Les défis derrière la façade du Brexit
Nos amis britanniques se rendent aux urnes demain. Les sondages prédisent une nette victoire des Tories, le parti conservateur de Boris Johnson. Si les sondages se sont souvent trompés dans le passé, les chances du flamboyant Premier ministre semblent cette fois bel et bien réelles. Faisant preuve d'un grand sens tactique, ce dernier est parvenu à ramener son parti, navire à la dérive depuis le référendum de 2016, à bon port. En cas de majorité claire, l'approbation de l'accord de retrait signé avec l'UE sera alors enfin à portée de main. La société britannique veut tourner la page du Brexit, de préférence le plus rapidement possible.
Les enjeux de ces élections ne se limitent pas seulement au Brexit. Le débat sur le Brexit est profondément enraciné dans la complexité de la société et de la politique britanniques. L'issue du référendum de 2016 et le chaos politique qui s'en est suivi sont le reflet d'un pays en proie à des changements fondamentaux et à une forte polarisation dans de nombreux domaines. Cela est principalement dû à la rapide désindustrialisation qu'a connue l'économie britannique (voir le graphique). Beaucoup de secteurs d'activité ont alors rapidement décliné, abandonnant ainsi des régions entières et leur population à leur triste sort. Cela a logiquement débouché sur beaucoup de misère sociale, une absence de perspectives et un rejet de la politique en général. L'importante immigration, autour de laquelle il n'y a eu quasiment aucune vision politique, n'a fait qu'accentuer des problèmes tels que le chômage, les faibles revenus, la mauvaise qualité des logements et des services sociaux défectueux. Les élections de demain porteront donc aussi sur ces thèmes. Le parti travailliste (Labour) de Jeremy Corbyn les a d'ailleurs placés en tête de son programme. Beaucoup critiquent les projets de Corbyn en les qualifiant de communistes. Les propositions du travailliste pour la mise en place d'un État-providence inspiré du modèle continental comportent de facto quelques touches extrêmes. Avec le projet de Corbyn, les prélèvements publics britanniques connaîtraient une forte augmentation, en direction de 50% du PIB, ce qui est tout de même toujours inférieur au niveau que l'on connaît en Belgique. Dans cette surenchère politique, le parti conservateur a également déclaré vouloir investir davantage dans les hôpitaux, les logements sociaux et les soins de santé. Pas vraiment leurs domaines de prédilection, mais en période électorale, toute créativité est toujours la bienvenue, y compris des promesses hors du commun.
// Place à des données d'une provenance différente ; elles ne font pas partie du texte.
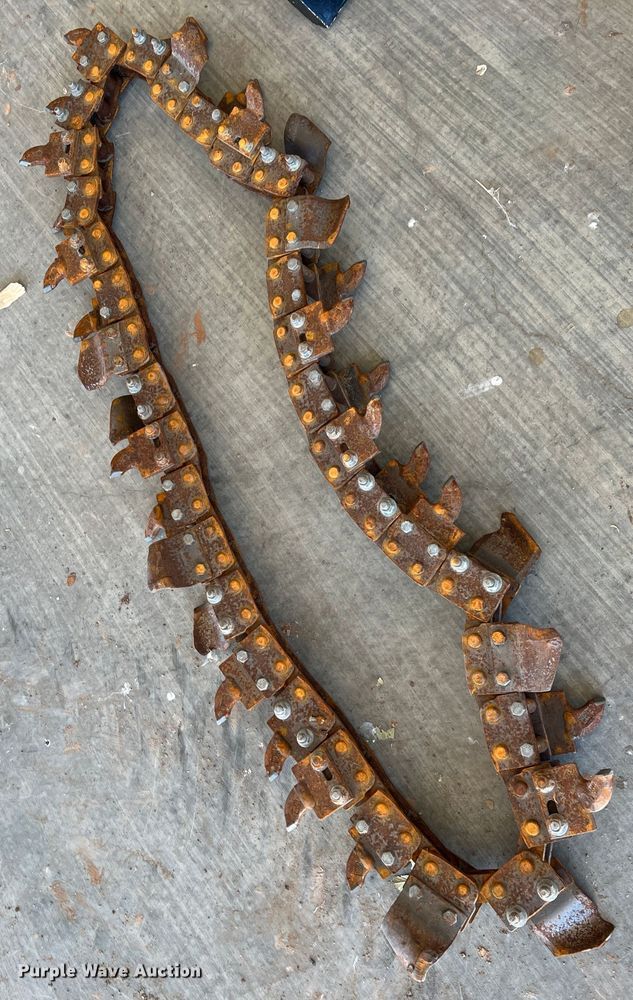 image for item DK7234 2016 Ditch Witch C24X  trencher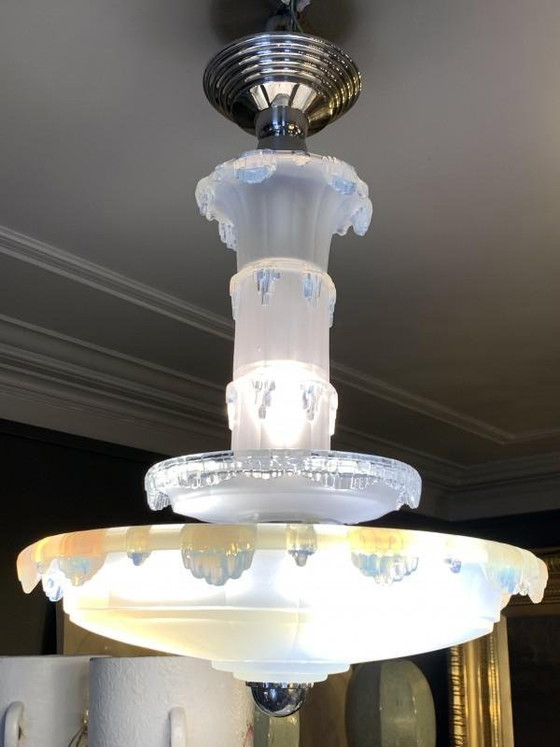 Art Deco Cascade Opaal Matglas Kroonluchter van Jean Gauthier voor Ezan, jaren 30 (photo 4 of 18)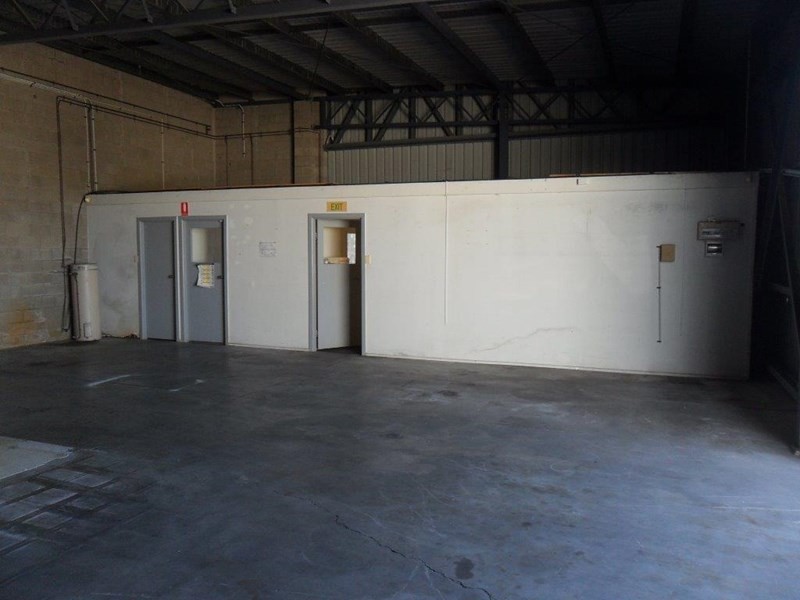 1/8 Robison Street, Park Avenue QLD 4701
Les défis qui attendent le futur gouvernement sont considérables. La philosophie de marché anglo-saxonne a bien profité au Royaume-Uni dans le passé. Au cours de ces dernières décennies, le pays a pu enregistrer une croissance économique plus forte que celle des autres pays d'Europe occidentale, avec un faible taux de chômage et une solide dynamique au niveau de l'innovation et des investissements étrangers. Cela a permis d'accélérer la transition d'une économie industrielle vers une économie largement tournée sur les services. Mais le monde politique n'a pas suffisamment tenu compte des conséquences individuelles et sociales de ces changements. Le référendum sur le Brexit n'a donc été qu'une première expression de ce mécontentement au sein de la société britannique. Aujourd'hui, de plus en plus de voix s'élèvent pour que l'État investisse davantage dans la sécurité sociale, l'enseignement et une réindustrialisation du pays.
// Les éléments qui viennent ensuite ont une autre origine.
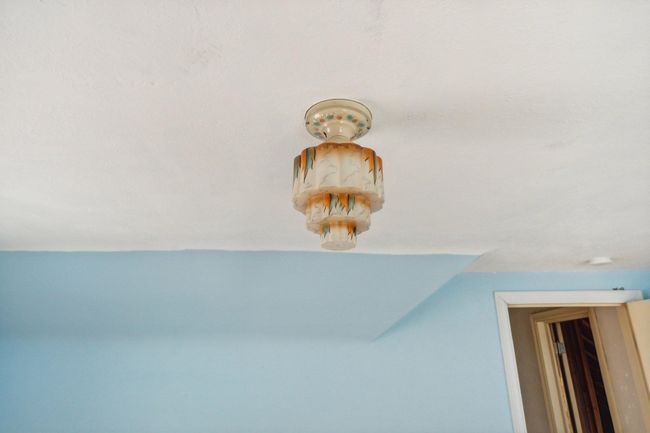 Unique 1930's light fixture. | Image 19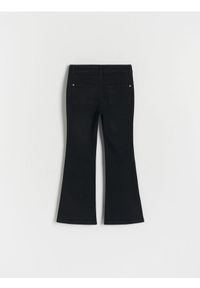 Reserved - Jeansy flare high waist - czarny. Stan: podwyższony. Kolor: czarny #1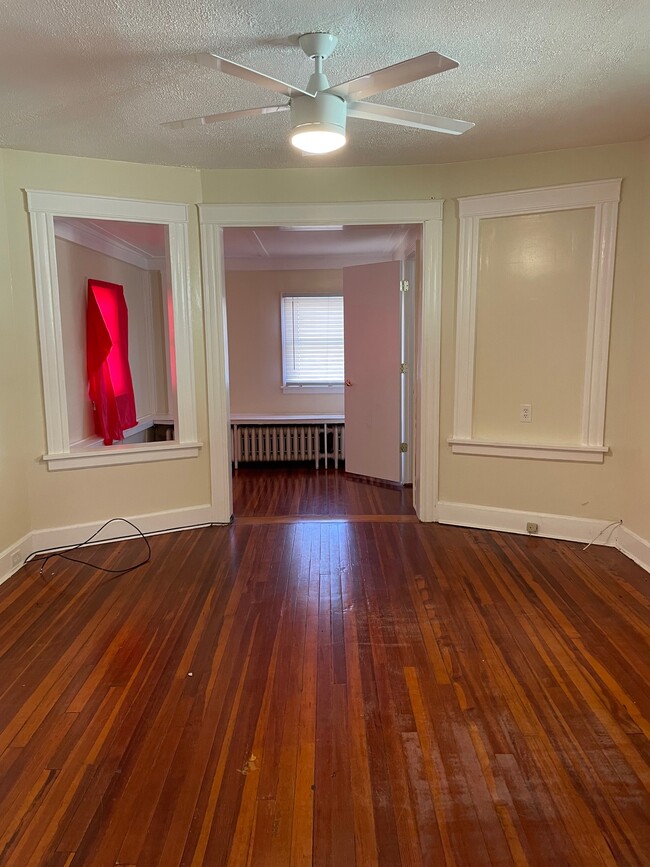 Bedroom - 581 Beechwood Ave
Les élections de cette semaine pourraient, à première vue, ressembler à une sorte de sondage sur le Brexit. Mais en réalité, le scrutin de demain portera sur bien d'autres sujets fondamentaux. Ces dernières années, le Brexit a été une sorte de façade derrière laquelle se cachaient de nombreux problèmes de la société. Le prochain gouvernement devra absolument s'attaquer à ces défis. Et cette tâche sera particulièrement compliquée étant donné l'impact qu'aura le Brexit sur la croissance économique. Mais grâce à la dynamique et à la flexibilité de son économie, le pays finira par se remettre de cette expérience traumatisante.
Les marchés accueilleront à bras ouverts une victoire de Boris Johnson. Ils n'attendent en revanche rien d'une aventure à gauche toute, sous la houlette de Corbyn. Le véritable défi commencera après les élections. "It will be a hell of job."